# How do I overwinter ginger?



## magnolia2017 (Dec 5, 2005)

I planted some ginger root in pots outside this spring and it has done well. Now winter is approaching and I'm wondering if I should let it go dormant after I bring it inside or can I keep it going year round?

Thanks,
Maggie


----------



## susieM (Apr 23, 2006)

Isn't ginger lovely? Is yours giving you red flowers, or those beautiful-smelling yellow flowers?

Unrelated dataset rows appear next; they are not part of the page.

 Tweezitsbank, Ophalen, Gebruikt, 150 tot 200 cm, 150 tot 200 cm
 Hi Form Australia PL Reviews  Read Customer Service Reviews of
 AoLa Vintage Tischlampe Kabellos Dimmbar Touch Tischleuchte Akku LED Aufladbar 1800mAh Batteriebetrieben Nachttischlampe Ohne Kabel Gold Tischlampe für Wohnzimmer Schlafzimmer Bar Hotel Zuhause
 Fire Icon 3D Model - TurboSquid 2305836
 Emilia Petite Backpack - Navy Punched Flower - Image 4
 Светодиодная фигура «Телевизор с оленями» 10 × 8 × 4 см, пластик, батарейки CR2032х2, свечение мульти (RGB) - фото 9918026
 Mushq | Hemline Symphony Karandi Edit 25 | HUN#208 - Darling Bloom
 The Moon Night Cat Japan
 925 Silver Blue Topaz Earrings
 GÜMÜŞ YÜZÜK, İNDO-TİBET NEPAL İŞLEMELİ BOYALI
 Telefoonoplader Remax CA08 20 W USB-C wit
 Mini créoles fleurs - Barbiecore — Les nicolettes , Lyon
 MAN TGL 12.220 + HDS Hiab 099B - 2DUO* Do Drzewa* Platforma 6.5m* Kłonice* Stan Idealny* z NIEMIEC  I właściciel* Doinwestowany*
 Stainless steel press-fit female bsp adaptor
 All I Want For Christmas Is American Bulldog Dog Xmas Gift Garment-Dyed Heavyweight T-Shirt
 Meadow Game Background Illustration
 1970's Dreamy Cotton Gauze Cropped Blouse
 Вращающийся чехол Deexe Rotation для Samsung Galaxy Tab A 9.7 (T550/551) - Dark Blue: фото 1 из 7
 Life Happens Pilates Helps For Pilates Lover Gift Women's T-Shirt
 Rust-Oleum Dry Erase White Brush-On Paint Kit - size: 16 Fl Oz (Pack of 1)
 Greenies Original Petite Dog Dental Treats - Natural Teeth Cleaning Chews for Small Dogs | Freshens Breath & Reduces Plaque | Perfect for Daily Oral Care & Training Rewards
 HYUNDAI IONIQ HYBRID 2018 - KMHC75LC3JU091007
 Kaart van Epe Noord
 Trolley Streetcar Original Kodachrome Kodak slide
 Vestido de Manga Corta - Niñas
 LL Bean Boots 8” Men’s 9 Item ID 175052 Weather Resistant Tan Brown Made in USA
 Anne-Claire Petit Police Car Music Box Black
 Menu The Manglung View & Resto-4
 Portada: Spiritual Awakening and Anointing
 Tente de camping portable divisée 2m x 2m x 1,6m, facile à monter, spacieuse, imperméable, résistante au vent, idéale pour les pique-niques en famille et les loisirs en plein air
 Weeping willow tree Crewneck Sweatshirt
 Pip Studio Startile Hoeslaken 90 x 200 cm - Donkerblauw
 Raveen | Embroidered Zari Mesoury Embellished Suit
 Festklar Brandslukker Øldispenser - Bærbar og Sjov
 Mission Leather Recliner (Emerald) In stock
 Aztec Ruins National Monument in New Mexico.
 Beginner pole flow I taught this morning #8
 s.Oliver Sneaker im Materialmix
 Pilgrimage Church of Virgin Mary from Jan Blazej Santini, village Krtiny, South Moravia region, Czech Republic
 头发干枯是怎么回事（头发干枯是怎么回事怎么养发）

I stuck some in the ground that I had brought to France from Hawaii, and it grows back every year, after dying back with the first frost. If you live in a very cold place, try covering it with straw or a bushel basket for the winter. Or dig some up and make it be a houseplant...it loves living in a big pot in the house.


----------



## vicker (Jul 11, 2003)

Last year, someone said their mother (Asian, I believe) kept her's in a container of sand (damp if I recall) under the sink all winter.


----------



## Guest (Sep 25, 2006)

Edible ginger will go dormant once the cold weather sets in. The tops will die off leaving the tuber (rhizome?) in the ground. I'm pretty sure it won't take winter lows in West Virginia though so once the tops have died back bring the pots into some place cool, but above freezing until next Spring when the weather stays reliable above freezing. A basement or some such place is good. Keep the potting media slightly damp over the winter but not more than that.

.....Alan.


----------



## magnolia2017 (Dec 5, 2005)

Thanks for the replies 

Will be bringing the ginger in soon. As for flowers, I didn't notice any but anxious to see what next year will bring.

Maggie


----------



## rwinsouthla (Oct 24, 2005)

Even in south Louisiana, the first frost kills the tops. I rake up the leaves on an acre of my lot with rake and lawnmower and put 6-8" over all of the ginger in my yard and it always gets going quickly in the spring. 

On the flowers, the kind that I have, and I don't know the scientific name of it, if it doesn't get below 28 degrees, it flowers the second year. If we get below about 28, no chance for flowers the following year. The butterfly ginger I think flowers every year.


----------